● **GIVEN DATA**:
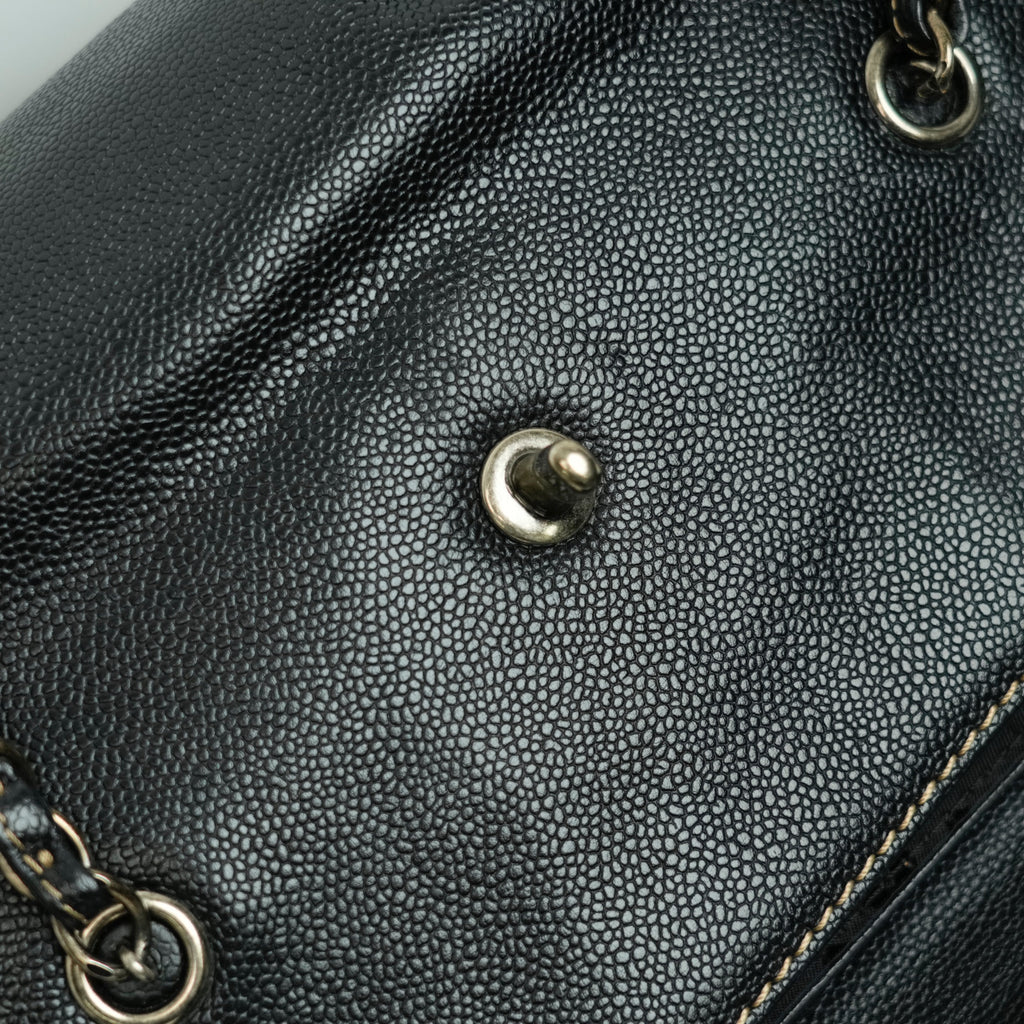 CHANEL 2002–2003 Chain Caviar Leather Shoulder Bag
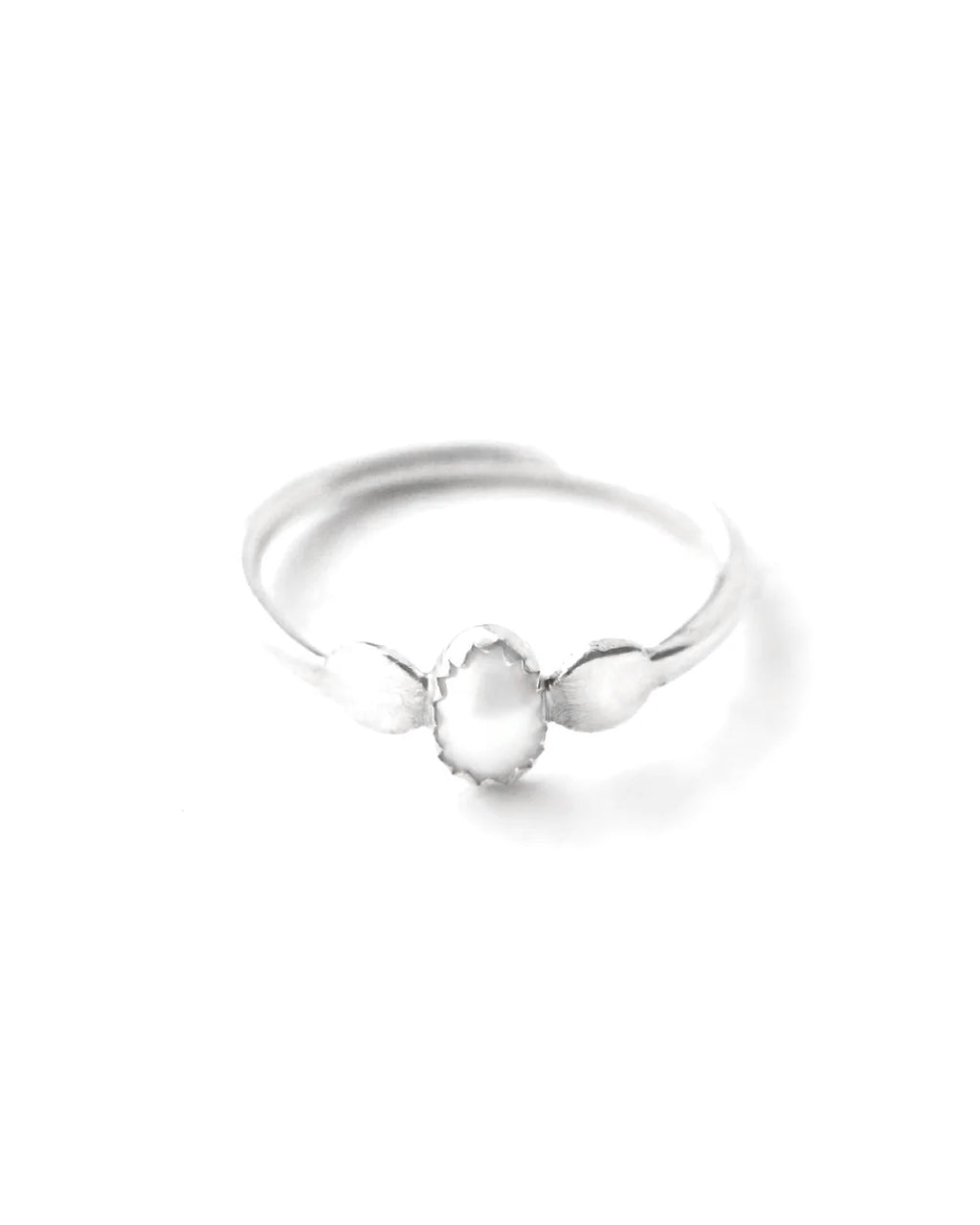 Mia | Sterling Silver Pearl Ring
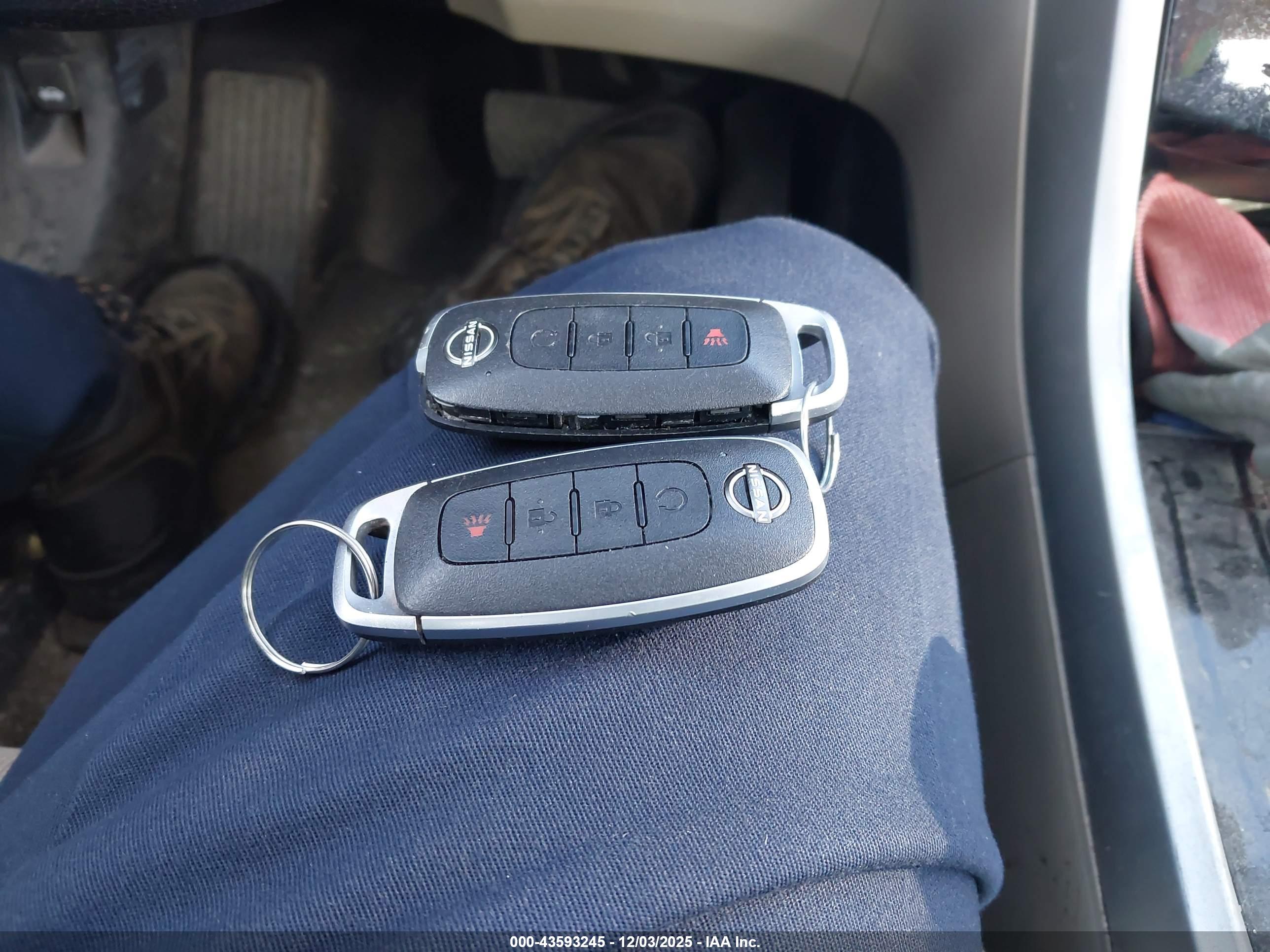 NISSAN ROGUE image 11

● **ACTIVITY**: From the first line to the last, write out the data exactly, omitting any pictures.

● **ANSWER SPACE**:
 CHANEL 2002–2003 Chain Caviar Leather Shoulder Bag
 Mia | Sterling Silver Pearl Ring
 NISSAN ROGUE image 11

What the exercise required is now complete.